● **What needs to be done**
What is needed is an exact copy of the records below, without the pictures.
++++++++++++++++++++
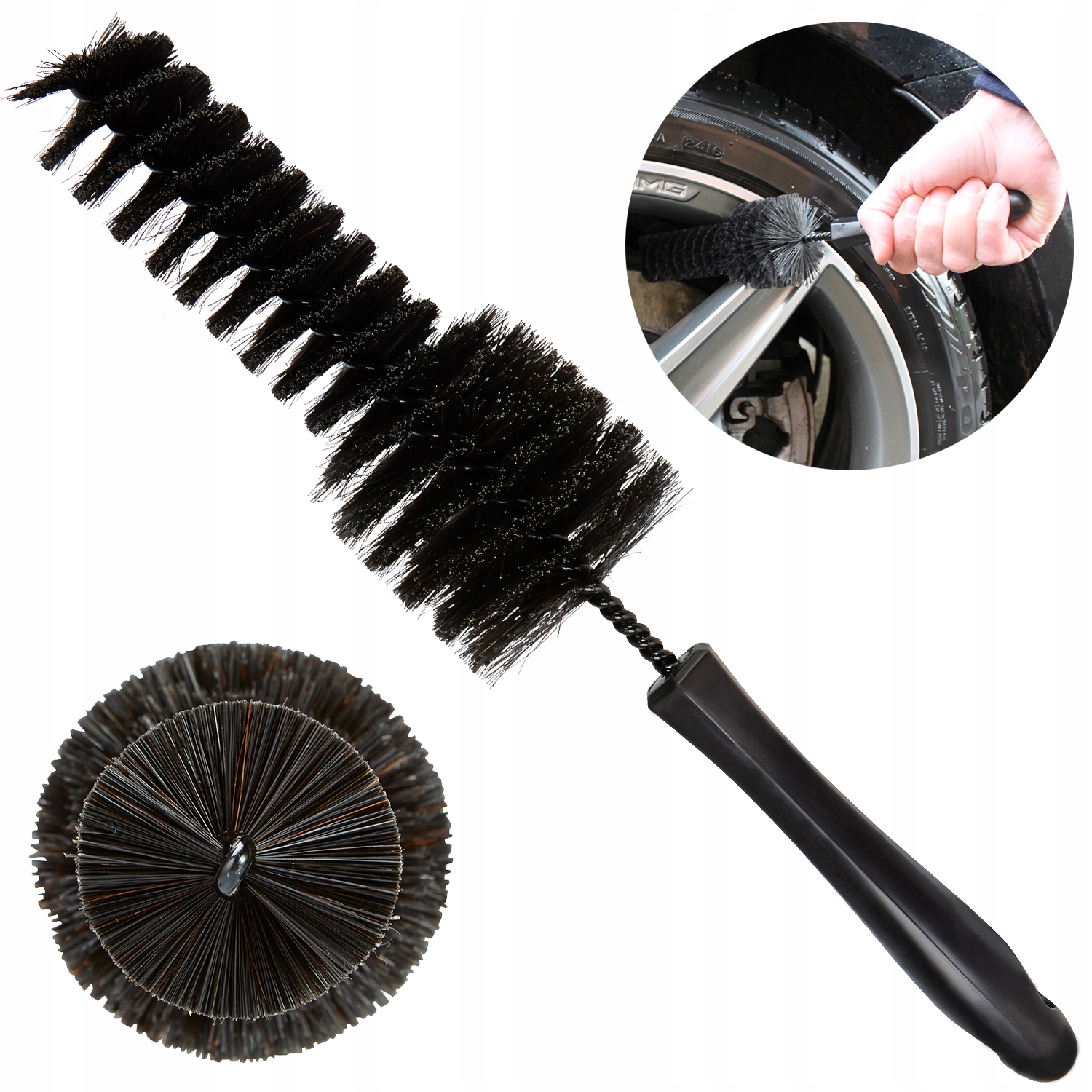 Szczotka samochodowa do mycia felg Vikan 525052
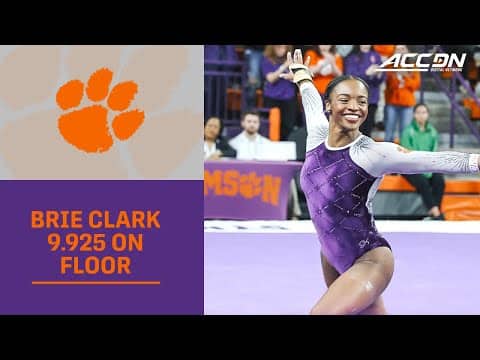 Clemson's Brie Clark Earns Top Spot With A 9.925 On Floor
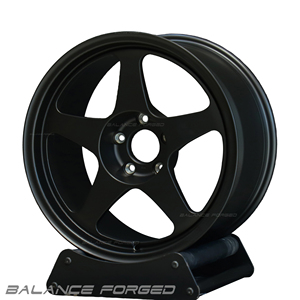 Rines Forjados Cóncavos Personalizados Estilo JDM en Negro Mate de 5 Radios de 17 y 18 Pulgadas para Autos de Alto Rendimiento Subaru WRX STI <span class=keywords><strong>Honda</strong></span> <span class=keywords><strong>Civic</strong></span> Type R - Product Image 1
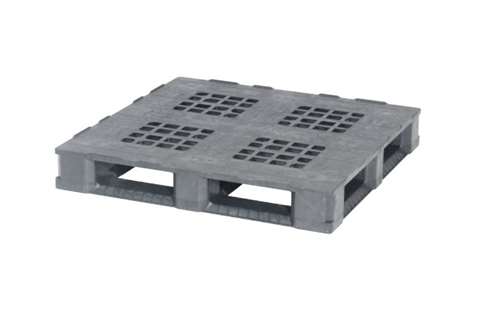 Premium pallet - 1140x1140x165 mm - open deck - 6 skids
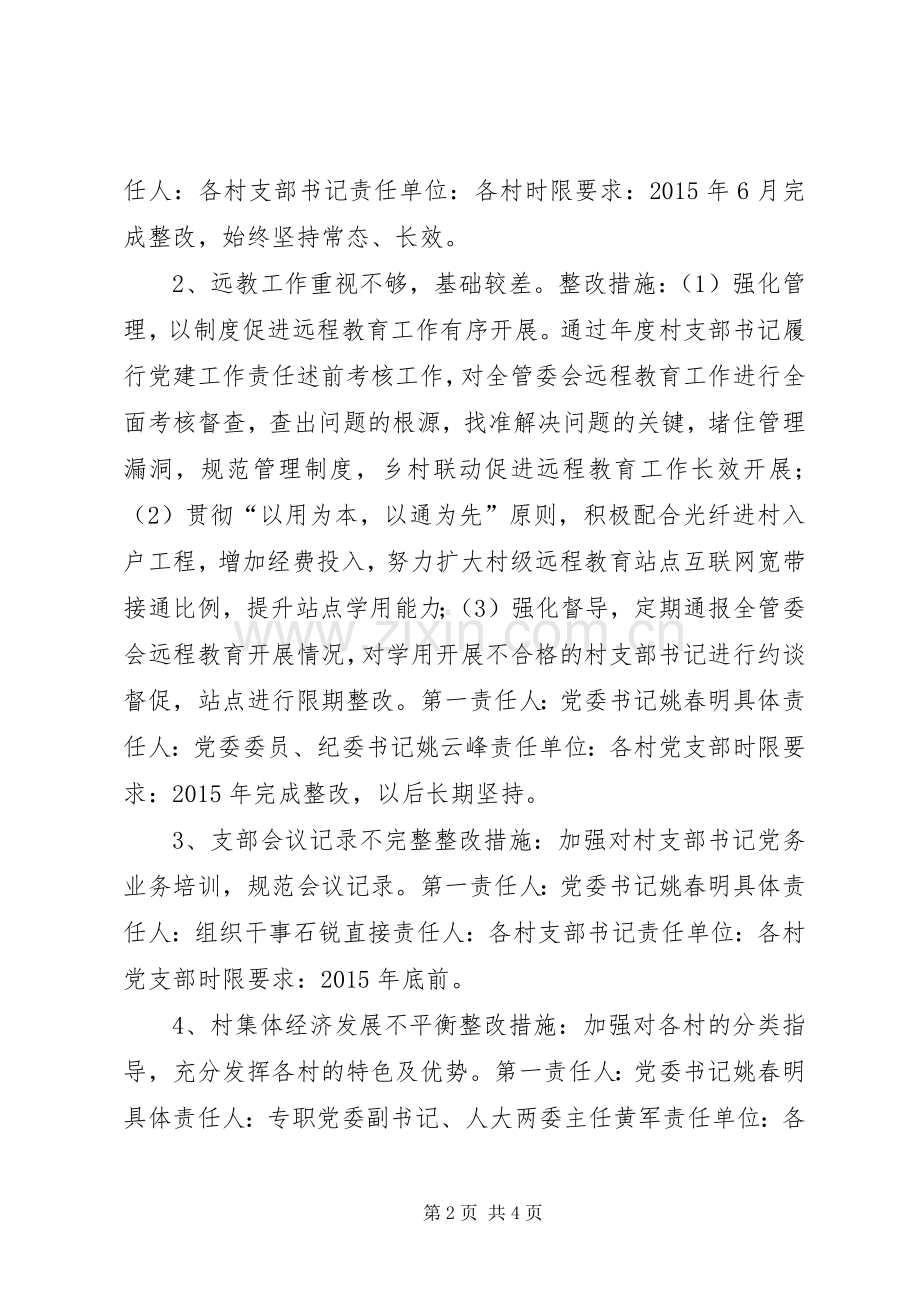 镇党委书记履行基层党建工作责任问题整改实施方案.docx_第2页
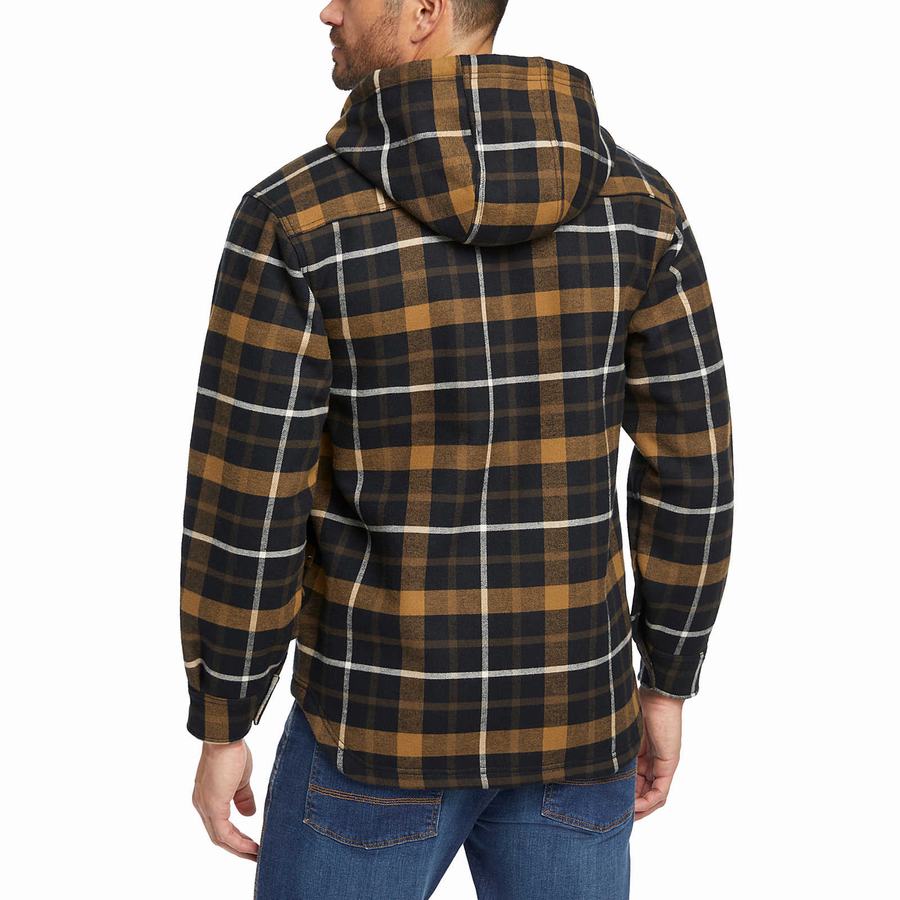 Wolverine Bucksaw Sherpa Shirt Erkek Mont Siyah Kahverengi | BBY7129SO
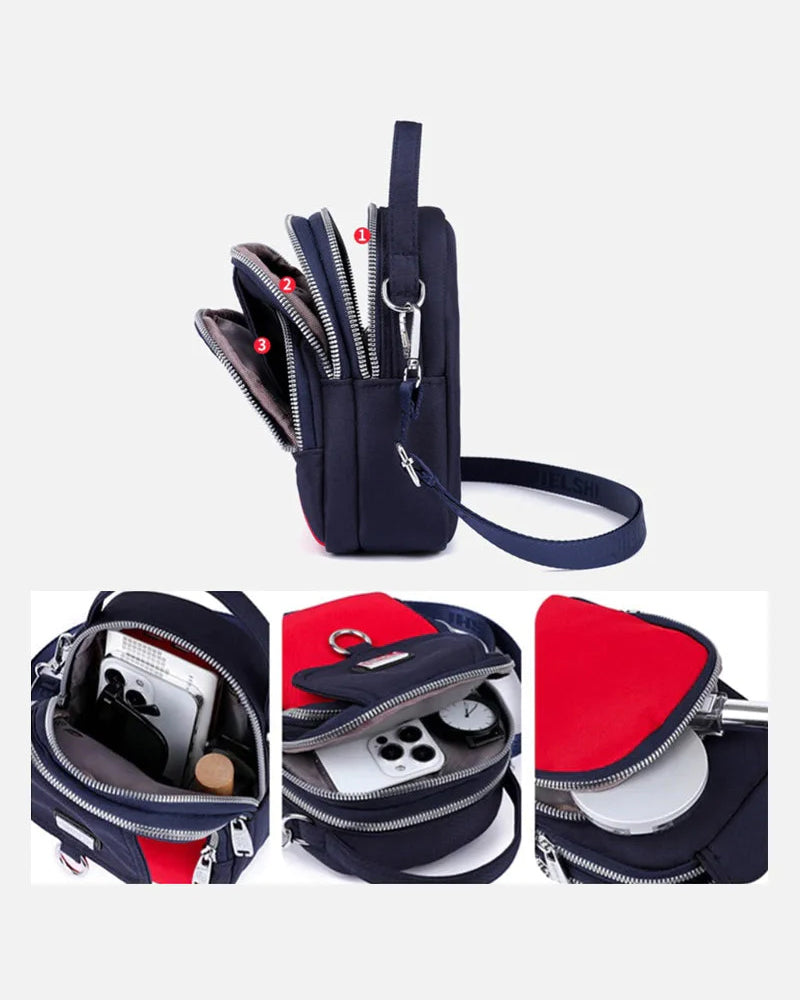 Sac à bandoulière imperméable pour femme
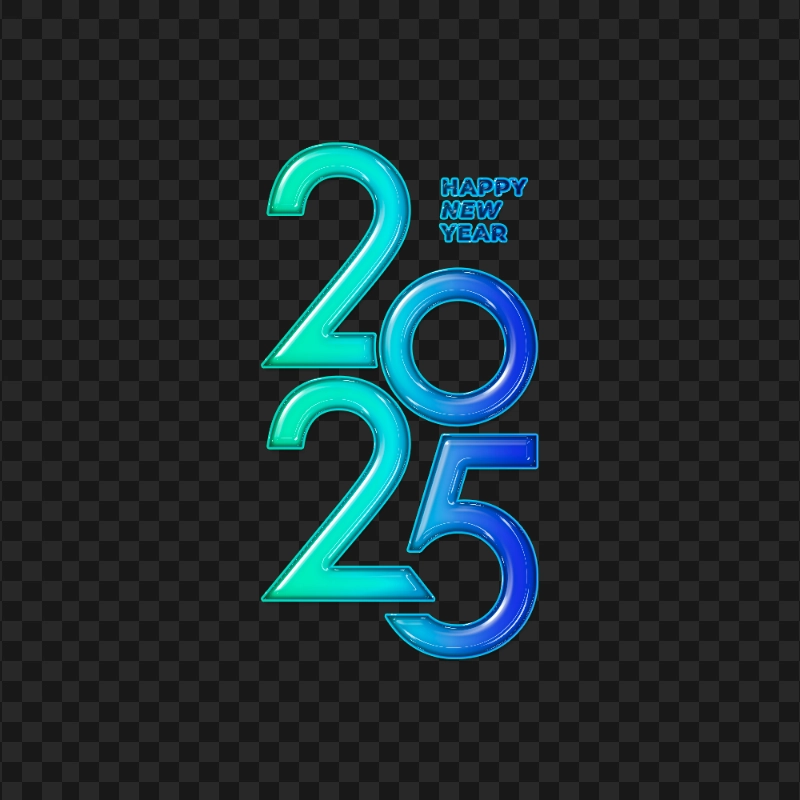 Abstract Colorful Vertical 2025 New Year 3D Design Citypng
++++++++++++++++++++
● **Exercise result**
 Szczotka samochodowa do mycia felg Vikan 525052
 Clemson's Brie Clark Earns Top Spot With A 9.925 On Floor
 Rines Forjados Cóncavos Personalizados Estilo JDM en Negro Mate de 5 Radios de 17 y 18 Pulgadas para Autos de Alto Rendimiento Subaru WRX STI <span class=keywords><strong>Honda</strong></span> <span class=keywords><strong>Civic</strong></span> Type R - Product Image 1
 Premium pallet - 1140x1140x165 mm - open deck - 6 skids
 镇党委书记履行基层党建工作责任问题整改实施方案.docx_第2页
 Wolverine Bucksaw Sherpa Shirt Erkek Mont Siyah Kahverengi | BBY7129SO
 Sac à bandoulière imperméable pour femme
 Abstract Colorful Vertical 2025 New Year 3D Design Citypng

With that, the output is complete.